My Dear Friends,

One year ago, I began Message From the Margins with a simple hope: to create a place where faith could be honest, compassionate, thoughtful, and still brave enough to speak clearly.

I did not know exactly what this would become.

I knew only that I kept meeting people who were spiritually tired.

People who had been wounded by religion but were not done with God.

People who were exhausted by cruelty dressed up as conviction.

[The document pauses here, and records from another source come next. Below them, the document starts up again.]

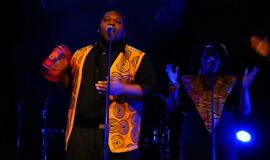 Harlemo gospelo choro koncertas Klaipėdoje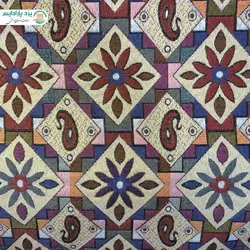 پارچه جاجیم کد 02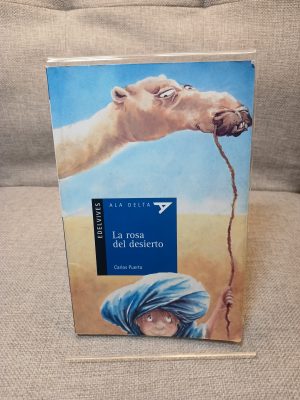 La Rosa del desierto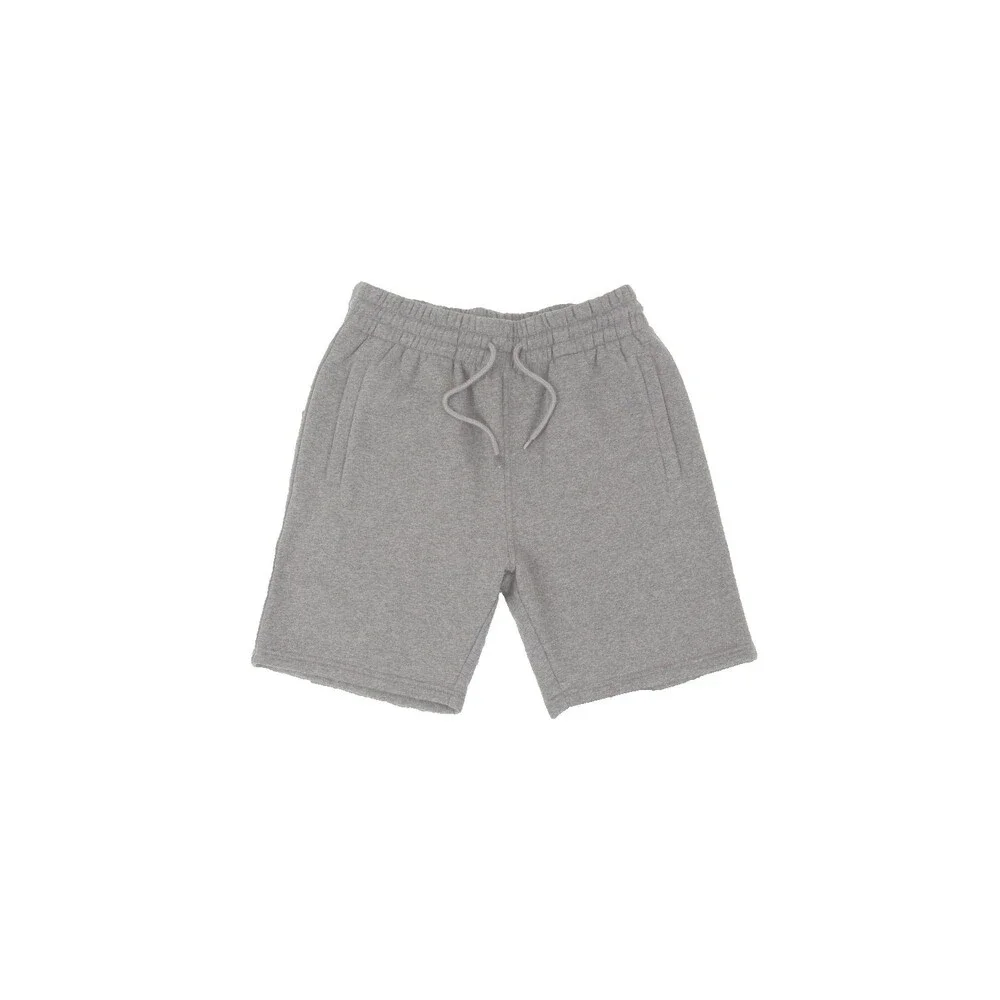 SHAKA WEAR 8.5 OZ FLEECE JOGGER SHORTS NEW WITH TAG (GREY) SIZE MEDIUM - Picture 1 of 1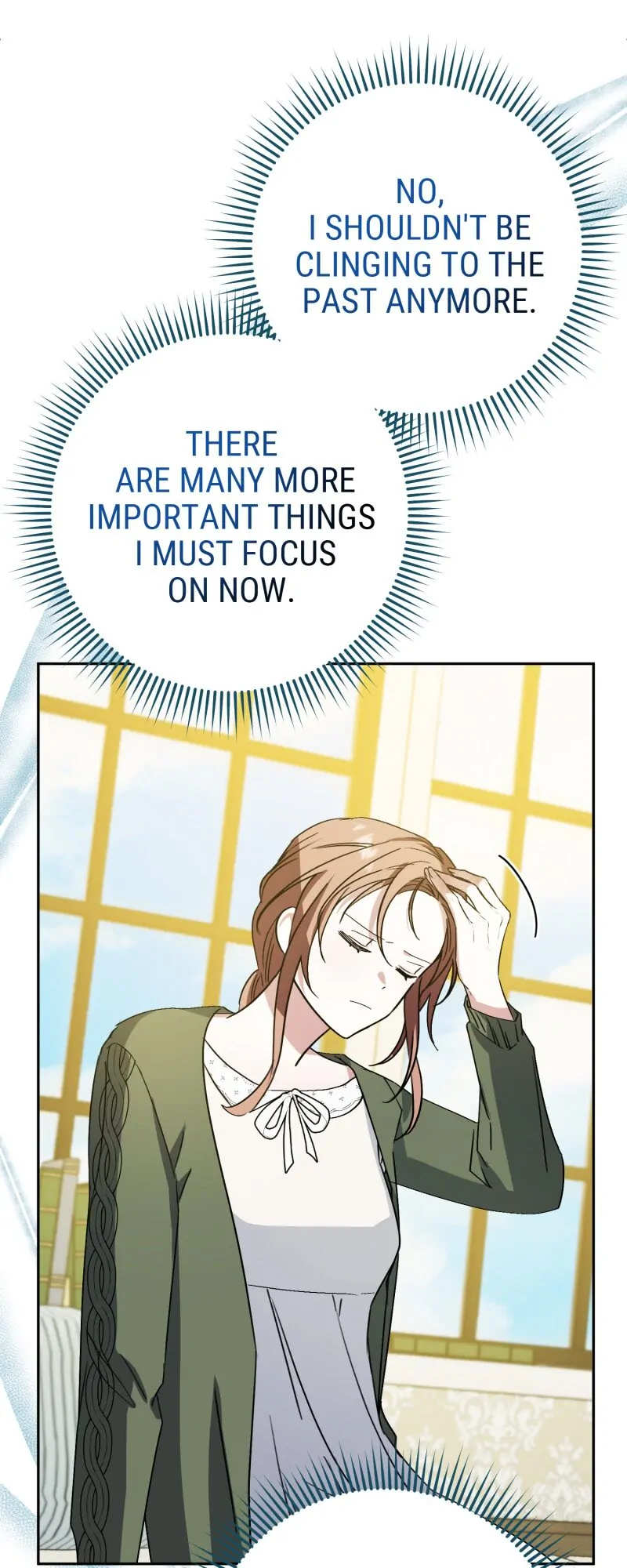 I Thought I Was the Real Daughter Chapter 10 - Page 7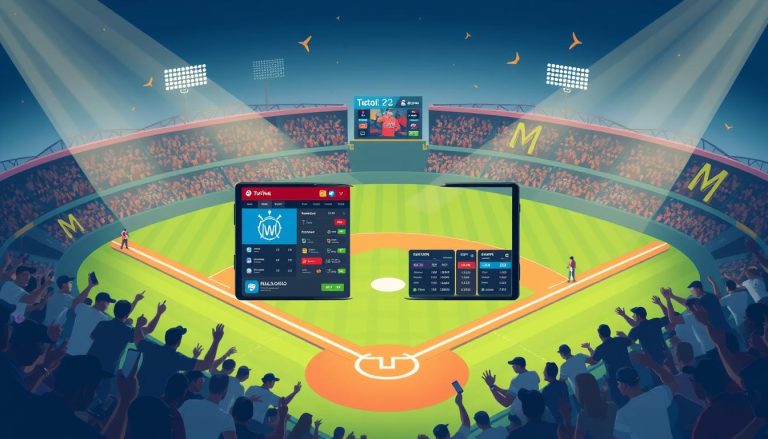 Panduan Taruhan Baseball Online di Indonesia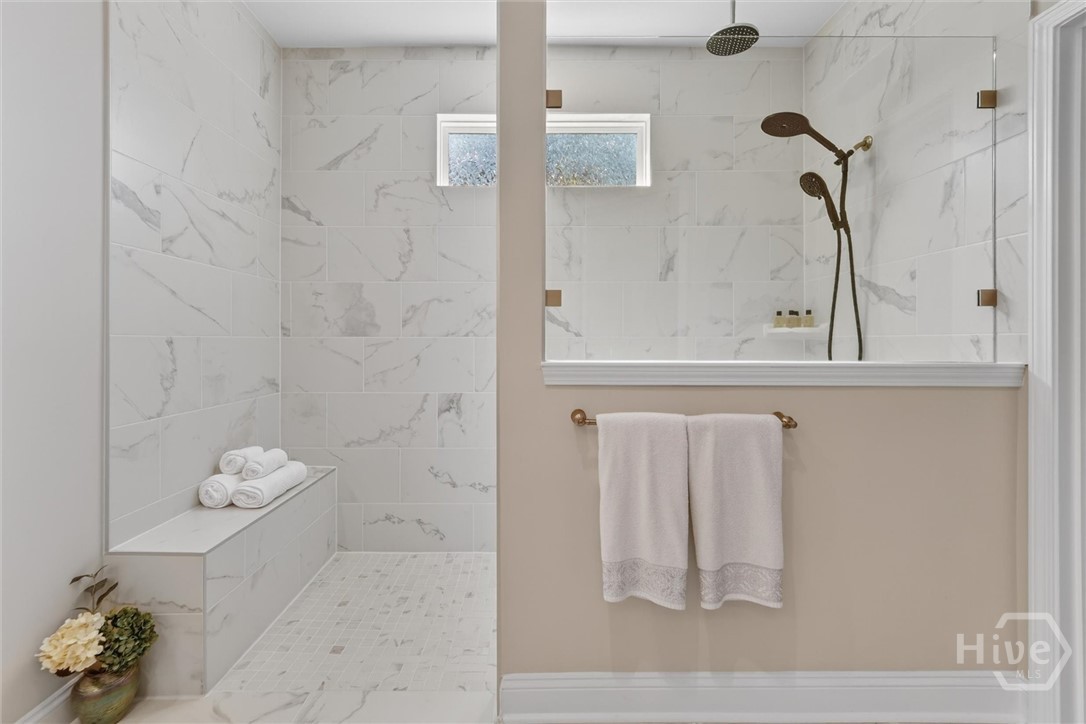 Zero Entry Shower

People who were hungry for Jesus, but wary of the institutions and voices that claimed to speak for him.

So I started writing.

And I kept writing.

One year later, this little experiment of faith has become more than I ever imagined.

More than 300 articles.

More than 7,600 community members.

Thousands of prayers, comments, emails, shares, conversations, questions, and quiet moments where someone somewhere read something and thought, “Maybe I am not alone.”

For that, I am deeply grateful.

I am grateful for every person who reads quietly and never comments.

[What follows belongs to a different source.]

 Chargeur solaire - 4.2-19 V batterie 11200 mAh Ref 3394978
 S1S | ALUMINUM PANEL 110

I am grateful for every person who shares these reflections with a friend, a family member, a parish group, or someone who is trying to find their way back to faith.

I am grateful for every paid subscriber whose support helps make this work possible.

I am grateful for the people who disagree honestly, question deeply, wrestle openly, and still remain in conversation.

And I am especially grateful for those of you who have shared your lives with me, and who have taken an interest in mine.

Those who check in on me.

Those who send words of encouragement.

Those who pray for me.

Those who challenge me.

Those who inspire me to do better and better each day.

Nothing in my training prepared me for this.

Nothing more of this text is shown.